宴の始まりには越劇女優達が舞で花を添えてくれます。

「香花?!」

桃蘭は女優達の中に香花の姿を見つけました。母である后妃は桃蘭を止めようとしましたが桃蘭は聞かずに香花の元に向かっていきます。

「桃蘭?!貴女王女様だったの?」

「香花も越劇女優だったの?」

「ええ、入団したの。」

舞踊大会の後審査員の1人であった越劇の主演女優瑛華(えいふぁ)に声をかけられ入団したのです。

「桃蘭、一緒に踊りましょう。」

「いいの?」

「宜しいでしょ、瑛華さん。」

香花は瑛華にお願いします。

「王女様ならいいわ。」

「ありがとうございます。」

桃蘭と越劇女優達の舞が始まりました。

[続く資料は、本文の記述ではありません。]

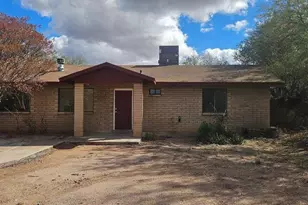 895 Via Esmeralda, Rio Rico, AZ 85648 - Photo 1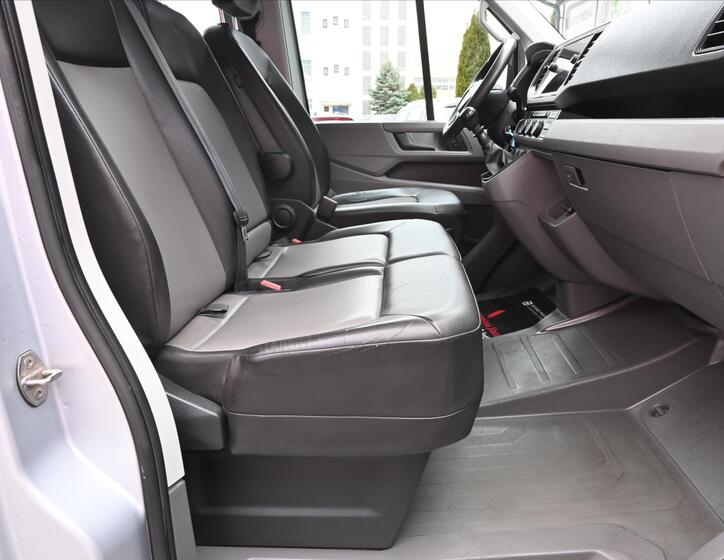 Volkswagen Crafter 10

真ん中の瑛華の両隣で桃蘭と香花が羽衣を手に踊ります。


「桃蘭姫」


舞が終わると1人の皇子がやって来ました。

中東の国からやって来たセン皇子です。

「先ほどの躍り、素晴らしかったです。宜しければ僕とお話しませんか?」

桃蘭は辺りを見渡します。紫蘭は月皇子と文学の話をしています。青蘭は壮皇子から手紙を渡されてます。

「はい、宜しければ宮殿のお庭を案内しますわ。」



 それから数ヶ月後大陸中にお祝いの行列が通ります。3人の王女の婚約披露です。紫蘭は月皇子、青蘭は壮皇子、そして桃蘭はセン皇子と結婚する事になりました。

「王女様方ご結婚おめでとうございます。」

3人の王女様の乗った山車の前に花売り娘が現れました。桃蘭が街で出会った花売り娘です。

「お祝いのお花を贈ります。」

花売り娘が差し出したのは紫、青、そして桃色の3色の蘭の花でした。